**What to work on**:
Copy out all the entries word for word.

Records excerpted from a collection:
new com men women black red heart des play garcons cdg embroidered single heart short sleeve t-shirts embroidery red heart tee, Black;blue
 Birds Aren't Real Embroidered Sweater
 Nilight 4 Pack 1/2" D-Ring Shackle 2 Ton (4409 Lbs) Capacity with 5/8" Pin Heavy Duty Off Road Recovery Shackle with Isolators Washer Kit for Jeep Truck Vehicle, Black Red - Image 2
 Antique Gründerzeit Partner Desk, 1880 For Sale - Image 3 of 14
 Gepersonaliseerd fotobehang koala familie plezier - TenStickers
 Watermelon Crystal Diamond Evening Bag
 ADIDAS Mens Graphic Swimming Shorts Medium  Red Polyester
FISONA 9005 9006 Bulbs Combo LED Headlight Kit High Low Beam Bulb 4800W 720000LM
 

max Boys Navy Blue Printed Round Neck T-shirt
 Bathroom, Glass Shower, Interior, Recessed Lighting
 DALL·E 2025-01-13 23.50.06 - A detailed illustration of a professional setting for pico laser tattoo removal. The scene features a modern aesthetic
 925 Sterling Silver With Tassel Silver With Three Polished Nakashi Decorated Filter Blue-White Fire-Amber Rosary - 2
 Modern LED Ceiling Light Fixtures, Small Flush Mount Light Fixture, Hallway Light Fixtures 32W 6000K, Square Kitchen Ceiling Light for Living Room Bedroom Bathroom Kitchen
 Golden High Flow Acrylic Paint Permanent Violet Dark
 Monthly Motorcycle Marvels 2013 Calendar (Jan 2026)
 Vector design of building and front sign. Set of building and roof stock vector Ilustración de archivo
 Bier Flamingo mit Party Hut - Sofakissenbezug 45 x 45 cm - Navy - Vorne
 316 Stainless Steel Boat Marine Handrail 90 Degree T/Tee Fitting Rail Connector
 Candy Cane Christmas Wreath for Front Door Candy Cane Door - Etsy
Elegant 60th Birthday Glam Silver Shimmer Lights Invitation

**Output for this task**:
new com men women black red heart des play garcons cdg embroidered single heart short sleeve t-shirts embroidery red heart tee, Black;blue
 Birds Aren't Real Embroidered Sweater
 Nilight 4 Pack 1/2" D-Ring Shackle 2 Ton (4409 Lbs) Capacity with 5/8" Pin Heavy Duty Off Road Recovery Shackle with Isolators Washer Kit for Jeep Truck Vehicle, Black Red - Image 2
 Antique Gründerzeit Partner Desk, 1880 For Sale - Image 3 of 14
 Gepersonaliseerd fotobehang koala familie plezier - TenStickers
 Watermelon Crystal Diamond Evening Bag
 ADIDAS Mens Graphic Swimming Shorts Medium  Red Polyester
FISONA 9005 9006 Bulbs Combo LED Headlight Kit High Low Beam Bulb 4800W 720000LM
 

max Boys Navy Blue Printed Round Neck T-shirt
 Bathroom, Glass Shower, Interior, Recessed Lighting
 DALL·E 2025-01-13 23.50.06 - A detailed illustration of a professional setting for pico laser tattoo removal. The scene features a modern aesthetic
 925 Sterling Silver With Tassel Silver With Three Polished Nakashi Decorated Filter Blue-White Fire-Amber Rosary - 2
 Modern LED Ceiling Light Fixtures, Small Flush Mount Light Fixture, Hallway Light Fixtures 32W 6000K, Square Kitchen Ceiling Light for Living Room Bedroom Bathroom Kitchen
 Golden High Flow Acrylic Paint Permanent Violet Dark
 Monthly Motorcycle Marvels 2013 Calendar (Jan 2026)
 Vector design of building and front sign. Set of building and roof stock vector Ilustración de archivo
 Bier Flamingo mit Party Hut - Sofakissenbezug 45 x 45 cm - Navy - Vorne
 316 Stainless Steel Boat Marine Handrail 90 Degree T/Tee Fitting Rail Connector
 Candy Cane Christmas Wreath for Front Door Candy Cane Door - Etsy
Elegant 60th Birthday Glam Silver Shimmer Lights Invitation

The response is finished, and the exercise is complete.